This will certainly vary depending on the type of music. If there's not excessive compression, and the instrumentation is quite a bit lower volume than the singer (such as a jazz crooner song, e.g. "The Way You Look Tonight"), you might have some luck with putting Audacity and FFmpeg to work.
- As long as you've installed FFmpeg for Audacity (Edit -> Preferences: Libraries -> FFmpeg Library: Download), you can use "File -> Import -> Audio..." to import audio direct from a video. (NOTE: FFmpeg for Audacity is a separate install from the command line tool FFmpeg.)
- Then, you can select all the audio and choose "Analyze -> Label Sounds". Experiment with the threshold level to make the line detection more accurate. -30dB is much more sensitive than -10dB.
- CTRL+B can manually establish any additional new labels at the cursor position on the timeline.
- Then, File -> Export -> Export Labels... will give you a text file with the start/end times and the labels you chose for the sounds.

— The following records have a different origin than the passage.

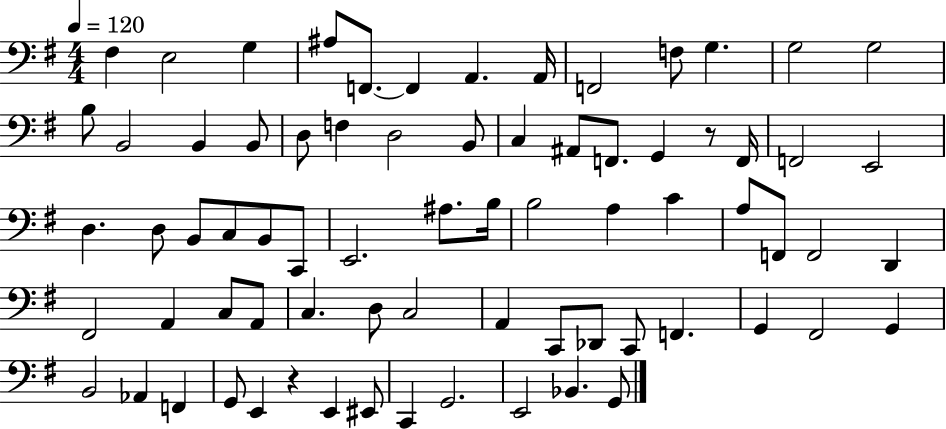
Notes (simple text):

F#3/q E3/h G3/q A#3/e F2/e. F2/q A2/q. A2/s F2/h F3/e G3/q. G3/h G3/h B3/e B2/h B2/q B2/e D3/e F3/q D3/h B2/e C3/q A#2/e F2/e. G2/q R/e F2/s F2/h E2/h D3/q. D3/e B2/e C3/e B2/e C2/e E2/h. A#3/e. B3/s B3/h A3/q C4/q A3/e F2/e F2/h D2/q F#2/h A2/q C3/e A2/e C3/q. D3/e C3/h A2/q C2/e Db2/e C2/e F2/q. G2/q F#2/h G2/q B2/h Ab2/q F2/q G2/e E2/q R/q E2/q EIS2/e C2/q G2/h. E2/h Bb2/q. G2/e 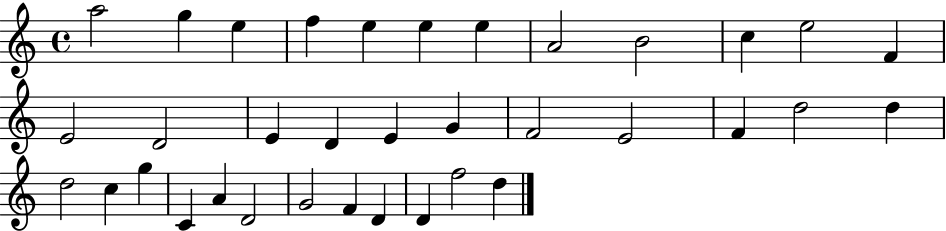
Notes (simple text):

A5/h G5/q E5/q F5/q E5/q E5/q E5/q A4/h B4/h C5/q E5/h F4/q E4/h D4/h E4/q D4/q E4/q G4/q F4/h E4/h F4/q D5/h D5/q D5/h C5/q G5/q C4/q A4/q D4/h G4/h F4/q D4/q D4/q F5/h D5/q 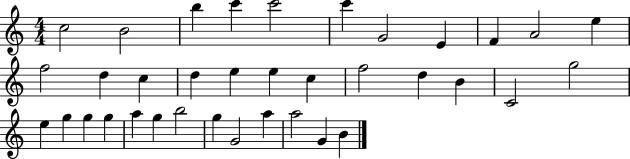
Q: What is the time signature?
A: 4/4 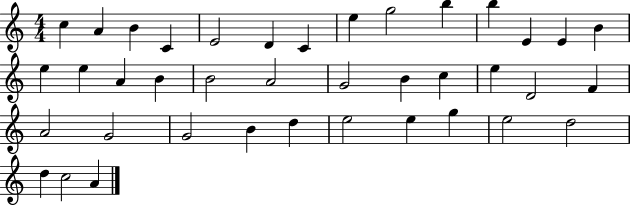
X:1
T:Untitled
M:4/4
L:1/4
K:C
c A B C E2 D C e g2 b b E E B e e A B B2 A2 G2 B c e D2 F A2 G2 G2 B d e2 e g e2 d2 d c2 A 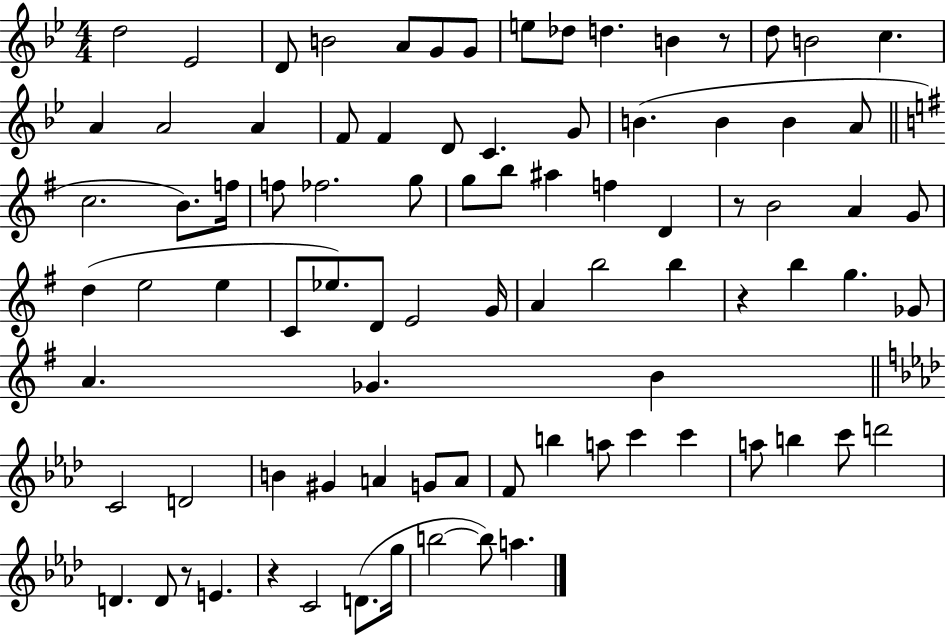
{
  \clef treble
  \numericTimeSignature
  \time 4/4
  \key bes \major
  d''2 ees'2 | d'8 b'2 a'8 g'8 g'8 | e''8 des''8 d''4. b'4 r8 | d''8 b'2 c''4. | \break a'4 a'2 a'4 | f'8 f'4 d'8 c'4. g'8 | b'4.( b'4 b'4 a'8 | \bar "||" \break \key g \major c''2. b'8.) f''16 | f''8 fes''2. g''8 | g''8 b''8 ais''4 f''4 d'4 | r8 b'2 a'4 g'8 | \break d''4( e''2 e''4 | c'8 ees''8.) d'8 e'2 g'16 | a'4 b''2 b''4 | r4 b''4 g''4. ges'8 | \break a'4. ges'4. b'4 | \bar "||" \break \key aes \major c'2 d'2 | b'4 gis'4 a'4 g'8 a'8 | f'8 b''4 a''8 c'''4 c'''4 | a''8 b''4 c'''8 d'''2 | \break d'4. d'8 r8 e'4. | r4 c'2 d'8.( g''16 | b''2~~ b''8) a''4. | \bar "|."
} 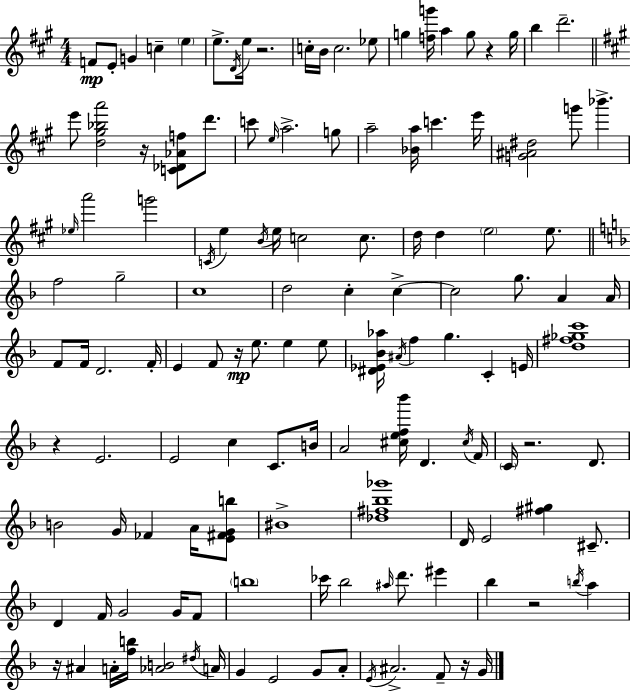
F4/e E4/e G4/q C5/q E5/q E5/e. D4/s E5/s R/h. C5/s B4/s C5/h. Eb5/e G5/q [F5,G6]/s A5/q G5/e R/q G5/s B5/q D6/h. E6/e [D5,G#5,Bb5,A6]/h R/s [C4,Db4,Ab4,F5]/e D6/e. C6/e E5/s A5/h. G5/e A5/h [Bb4,A5]/s C6/q. E6/s [G4,A#4,D#5]/h G6/e Bb6/q. Eb5/s A6/h G6/h C4/s E5/q B4/s E5/s C5/h C5/e. D5/s D5/q E5/h E5/e. F5/h G5/h C5/w D5/h C5/q C5/q C5/h G5/e. A4/q A4/s F4/e F4/s D4/h. F4/s E4/q F4/e R/s E5/e. E5/q E5/e [D#4,Eb4,Bb4,Ab5]/s A#4/s F5/q G5/q. C4/q E4/s [D5,F#5,Gb5,C6]/w R/q E4/h. E4/h C5/q C4/e. B4/s A4/h [C#5,E5,F5,Bb6]/s D4/q. C#5/s F4/s C4/s R/h. D4/e. B4/h G4/s FES4/q A4/s [E4,F#4,G4,B5]/e BIS4/w [Db5,F#5,Bb5,Gb6]/w D4/s E4/h [F#5,G#5]/q C#4/e. D4/q F4/s G4/h G4/s F4/e B5/w CES6/s Bb5/h A#5/s D6/e. EIS6/q Bb5/q R/h B5/s A5/q R/s A#4/q A4/s [F5,B5]/s [Ab4,B4]/h D#5/s A4/s G4/q E4/h G4/e A4/e E4/s A#4/h. F4/e R/s G4/s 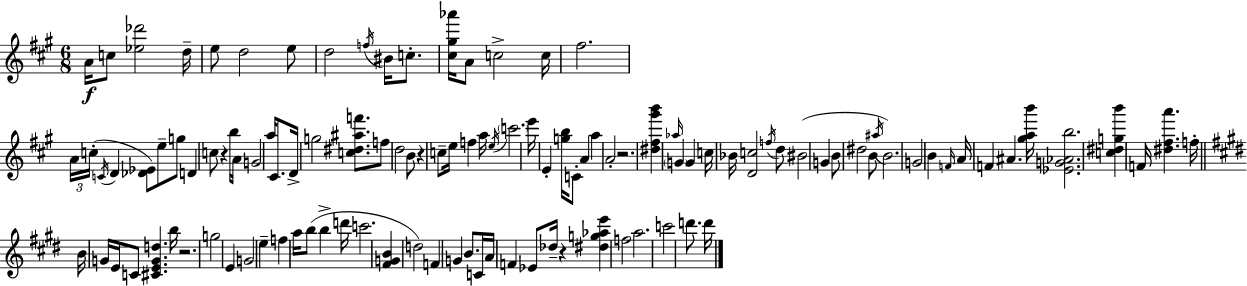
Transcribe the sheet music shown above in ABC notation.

X:1
T:Untitled
M:6/8
L:1/4
K:A
A/4 c/2 [_e_d']2 d/4 e/2 d2 e/2 d2 f/4 ^B/4 c/2 [^c^g_a']/4 A/2 c2 c/4 ^f2 A/4 c/4 C/4 D [_D_E]/2 e/2 g/2 D c/2 z b/4 A/4 G2 a/4 ^C/2 D/4 g2 [c^d^af']/2 f/2 d2 B/2 z c/2 e/4 f a/4 e/4 c'2 e'/4 E [gb]/4 C/2 A a A2 z2 [^d^f^g'b'] _a/4 G G c/4 _B/4 [Dc]2 f/4 d/2 ^B2 G B/2 ^d2 B/2 ^a/4 B2 G2 B F/4 A/4 F ^A [^gab']/4 [_EG_Ab]2 [c^dgb'] F/4 [^d^fa'] f/4 B/4 G/4 E/4 C/2 [^CEGd] b/4 z2 g2 E G2 e f a/4 b/2 b d'/4 c'2 [^FGB] d2 F G B/2 C/4 A/4 F _E/2 _d/4 z [^dg_ae'] f2 a2 c'2 d'/2 d'/4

From there, you might have either a little bit of grunt work translating the seconds to the
hh:mm:ss,mmm style of timestamp required by, for example, the .SRT format for subtitles. Or hopefully you have a bit of scripting or reg-ex replace knowhow :-) to automate that process. Then, mix it in. For example, I use this command to mix in subtitles onto a video:
ffmpeg -i in.avi -vf subtitles=lyrics.srt -max_muxing_queue_size 9999 CONCERT.AVI
-max_muxing_queue_size 9999 is related to an obscure problem with ffmpeg that may have been fixed since I last used this feature.
Of course, it will also vary by the tools you use. It will help to know your environment and favored toolchain. Good luck!